ALEXANDRIA, Va.—NCUA’s Office of Inspector General (OIG) has closed two investigations into NCUA Chairman Mark McWatters with no action taken.
According to the OIG, it opened a conflict of interest investigation into McWatters following a complaint alleging the chairman participated in a vote to rescind the Financial Stability Oversight Committee's Systemically Important Financial Institution designation of American International Group (AIG), while he owned stock and warrants in AIG at the time of the vote.
McWatters stated that he believed his holdings fell under the Office of Government Ethics (OGE) de minimis exemption and he was not required to recuse himself.
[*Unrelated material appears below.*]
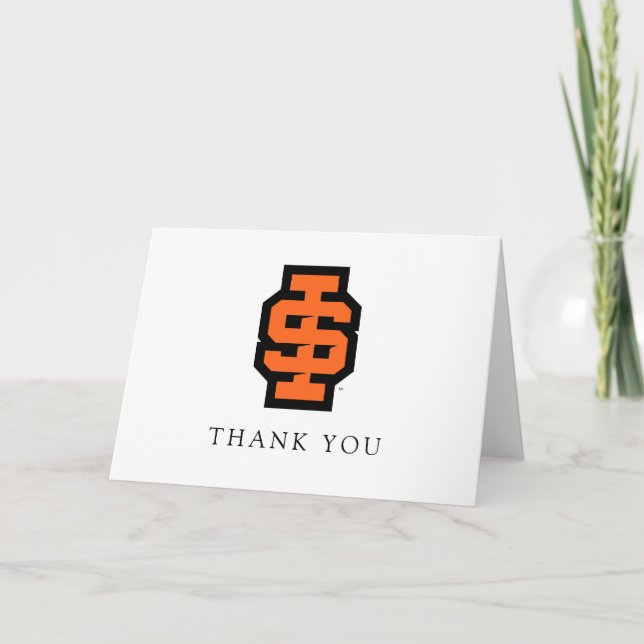 Idaho State University Bold Bengals Logo Thank You Card (Front)
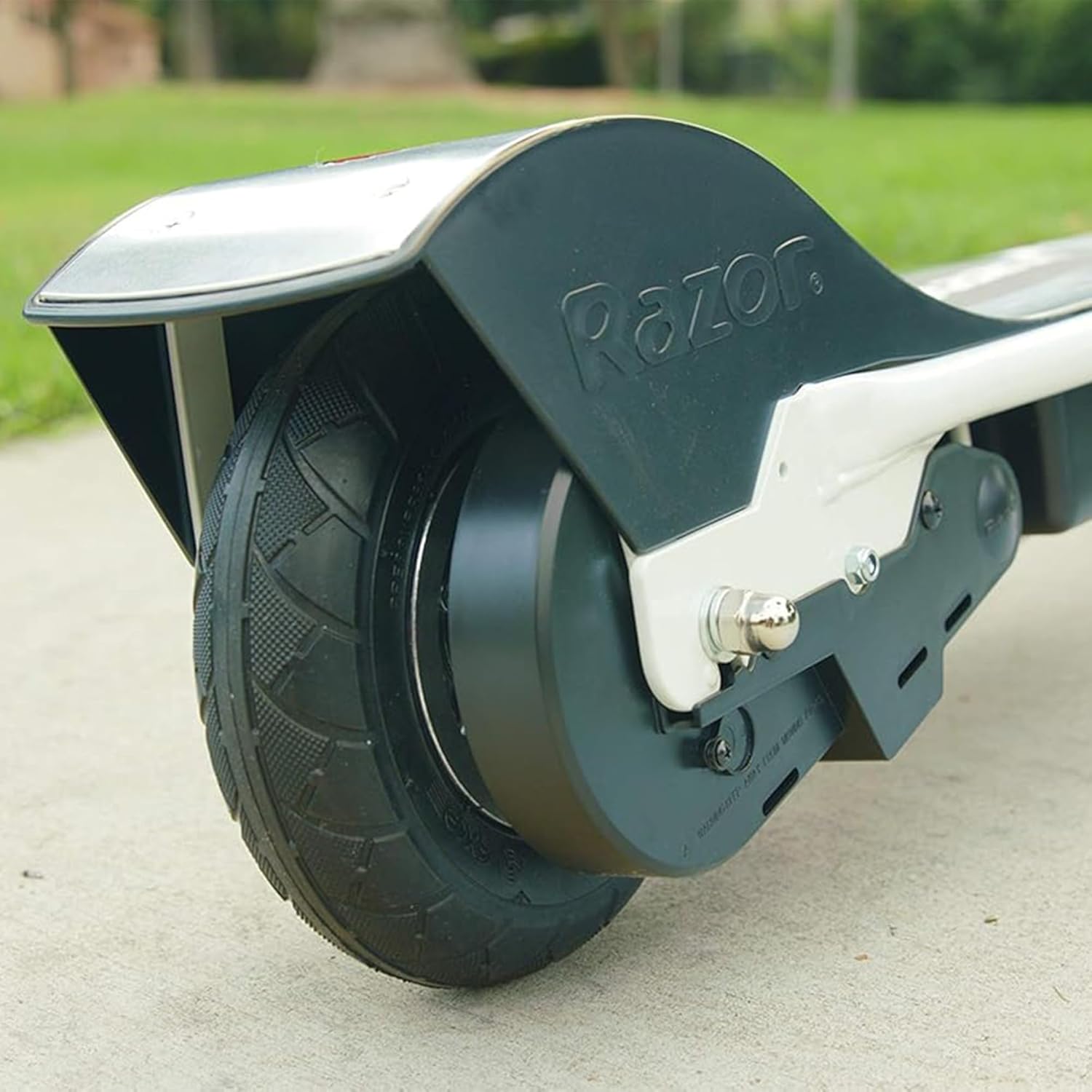 Razor Seated Electric Scooter for Ages 13+, 40-Min Ride Time, Twist-Grip Throttle, Pneumatic Tires, Removable Padded Seat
OGE informed McWatters and the OIG that the exemption only applied to stock holdings, not warrants. McWatters provided information from security lawyers and accountants that warrants are the same as stocks and are publicly traded, according to the OIG.
The investigation was closed with no action taken against McWatters. The news of the closed investigation was first reported on the blog of Keith Leggett, the former senior vice president and senior economist at the ABA.
Second Complaint
A second complaint accused McWatters of misuse of NCUA funds for extravagant travel, including allegations of premium air travel and expensive meals. The investigation found that McWatters was reimbursed for alcohol expenses of almost $150 associated with three meals. While there was no violation of law, the OIG said NCUA policy did not permit for the reimbursement of alcohol expenses. Since closure of the investigation, NCUA has changed its policy to allow for the reimbursement of alcohol expenses. The OIG also found that the reimbursement of McWatters for other expenses, including premium air travel, UberBlack, and hotels did not violate the agency's policy, Leggett also reported.
These findings were reported in the agency's Semiannual Report to the Congress.